Continuous Integration at FreshBooks
Before our new pipeline we were running on an older version of Jenkins, using an old unintuitive UI, executing ~1500 E2E (full browser) tests in 1 to 1.25 hrs (variability due to unstable tests). After updating Jenkins, making some stability improvements, and some adjustments to our instance sizes we were able to bring our pipeline down to 13–20 mins while adding 400 more E2E tests. Gotta go fast!
At FreshBooks we build highly interactive applications, with synchronous requests, asynchronous requests, 3rd party dependent requests, all backed by an micro-(ish)-service architecture.
We try to break up applications based on business domains so we can limit the size of changes when shipping new versions of our applications. At present we have a little over a dozen services explicitly impacting the core functioning of our product, with most of them shipping multiple times a day.
On the front end we have several consumers: our iOS app, our Android app, our Chrome Extension, our FreshBooks Classic app, but our main front end is our Single Page Application for New FreshBooks.
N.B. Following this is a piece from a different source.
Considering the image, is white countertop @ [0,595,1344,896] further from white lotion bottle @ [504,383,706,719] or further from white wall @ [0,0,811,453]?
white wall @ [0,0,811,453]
The vast majority of our feature work goes into developing this platform, but since we’re developing at such a frequent pace, it is hard to manage stability between several contributors merging to a single repository; all the web developers at FreshBooks are Full Stack Devs.
To solve this problem, we have a Continuous Integration (CI) pipeline that runs on all of our applications. There are some minor variations depending on the service’s scope of concerns, but essentially they have the following stages:
The CI Pipeline
1. Lint rules review
2. Containerization & Packaging (Docker Image)
3. Dependencies Security Audit
4. Unit/API IntegrationTests
5. E2E Testing (full browser interaction tests using Chrome headless)
6. Documentation & Deployment
The critical path of the pipeline is:
Packaging (0.2–3 mins) ➡ E2E Tests (10–12 mins) ➡ Deployment (2–5 mins)
Lint Review
The lint bot is actually super helpful because sometimes my IDE of choice silently fails loading the lint checker, and I end up committing some ugly stuff. The bot very politely and succinctly notifies me of all my failings. This allows us to maintain a very clean and consistent looking codebase while freeing reviewers to focus on actually understanding the introduced changes.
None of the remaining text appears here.